Study of causes of persistent acute malnutrition in north Darfur
Summary of study1
Children and their caregivers enrolled in the BSFP
In spite of national and international efforts to manage the devastating impact of the conflict in Darfur which began in 2003, children in different parts of the region have consistently demonstrated high levels of global acute malnutrition (GAM) often exceeding the WHO emergency threshold of 15%. This has been found in areas where the food security situation appears to be ‘good’ according to the regional food security monitoring system (FSMS) established by the World Food Programme (WFP).
WFP recently conducted a study to shed light on this situation. The main objectives of this study were to investigate the underlying causes of acute malnutrition in North Darfur State, specifically in Kabkabyia town where the study was conducted, and to suggest feasible and realistic recommendations to address these that would guide future interventions and programmes.
Context
Kabkabyia was selected as it had experienced a high GAM rate (>15%) among children under 5 years for the past five years, while the FSMS indicated that the town was relatively better off in terms of food security compared to other areas in North Darfur.

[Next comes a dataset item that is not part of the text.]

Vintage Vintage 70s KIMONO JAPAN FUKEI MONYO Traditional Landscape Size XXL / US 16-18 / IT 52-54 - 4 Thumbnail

Kebkabiya town is located in the southwest of North Darfur State approximately 165 km from El Fasher, the capital of the state. The town is divided into 16 quarters, which are themselves divided into several sub-quarters. Following the first major attacks on rural Kebkabiya and Jebel Si in July 2003, there was a huge influx of internally displaced persons (IDPs) into Kabkabyia town.
Currently, it is estimated that 119,793 individuals are living in the town, with IDPs accounting for almost 70-75% of the population. Up until the start of the conflict in 2003, Kebkabiya was known as a central trading point for agricultural products such as cereals, vegetables, fruits, and oleaginous plants cultivated in Kebkabiya and Jebel Si. The town was also known as a trading point for livestock such as sheep, goats, cattle from nomads, and for non-food items from El Fasher city.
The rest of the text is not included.